ISO New England’s Grid Planning Report Forecasts Behind-the-Meter Batteries for the First Time

ISO New England’s 2026 Forecast Report of Capacity, Energy, Loads, and Transmission, published May 1, contains a line item that has never appeared in the document before: a forecast for behind-the-meter battery storage. The grid operator projects 173 MW of customer-sited battery additions across its six-state footprint over the next decade, concentrated in Massachusetts.

For a planning document that has tracked distributed rooftop solar for years, the addition is procedural. Its consequences are not.

What the CELT report does. The CELT report is the spreadsheet the New England grid is built against. It sets the load and resource assumptions that drive transmission planning, capacity procurement, and reliability studies. A resource that is not in the CELT report is, for planning purposes, invisible. Transmission gets sized as if it does not exist. Capacity gets procured as if it will not respond.

Distributed solar crossed that threshold years ago. ISO-NE began forecasting behind-the-meter photovoltaics, modeling it as a load-modifying resource that suppresses daytime demand. Once the solar forecast existed, the operator could plan around the duck curve instead of being surprised by it.

Behind-the-meter batteries have now reached the same status. They are counted.

Why the count is small, and why that matters. The 173 MW figure looks modest against a regional peak demand near 24,000 MW. Part of that is genuine: customer-sited storage in New England is early. Part of it is definitional.
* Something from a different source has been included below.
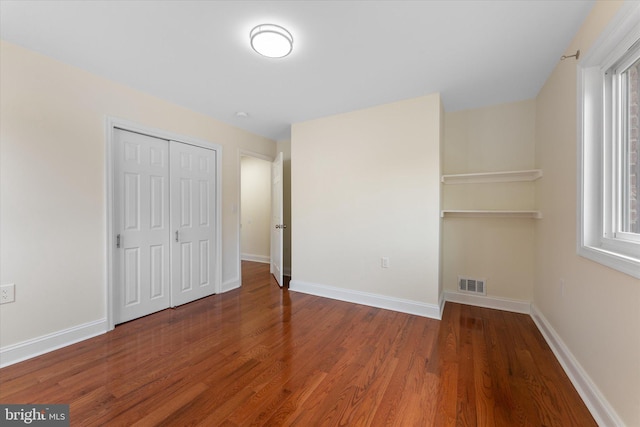 unfurnished bedroom featuring visible vents, a closet, baseboards, and wood finished floors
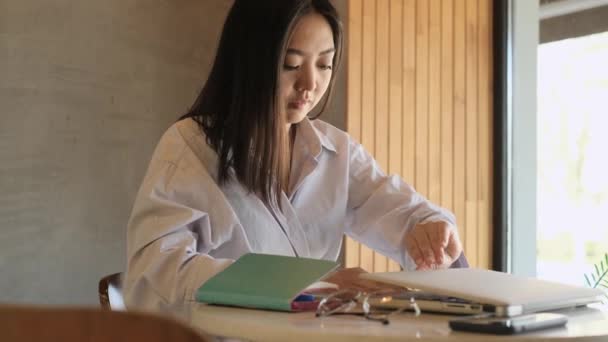 Asian female freelancer working in a cafe — Stock video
ISO-NE defines the new category narrowly. It forecasts batteries under 1 MW that are co-located with rooftop solar. A battery paired with a panel array on a warehouse roof is in the forecast. A standalone battery installed at a commercial building purely to shave a demand charge, with no solar attached, is not.

That definition tracks the residential and small-commercial solar-plus-storage segment well. It systematically misses the pure demand-management installation, which is the fastest-moving commercial use case in high-demand-charge territory. New England has plenty of that territory. Eversource and National Grid commercial customers in Massachusetts face some of the steepest demand charges in the country, and Boston’s BERDO carbon-intensity penalties give building owners a second reason to manage peak load. A battery sized to cut a monthly demand spike does not need a solar panel to pencil out.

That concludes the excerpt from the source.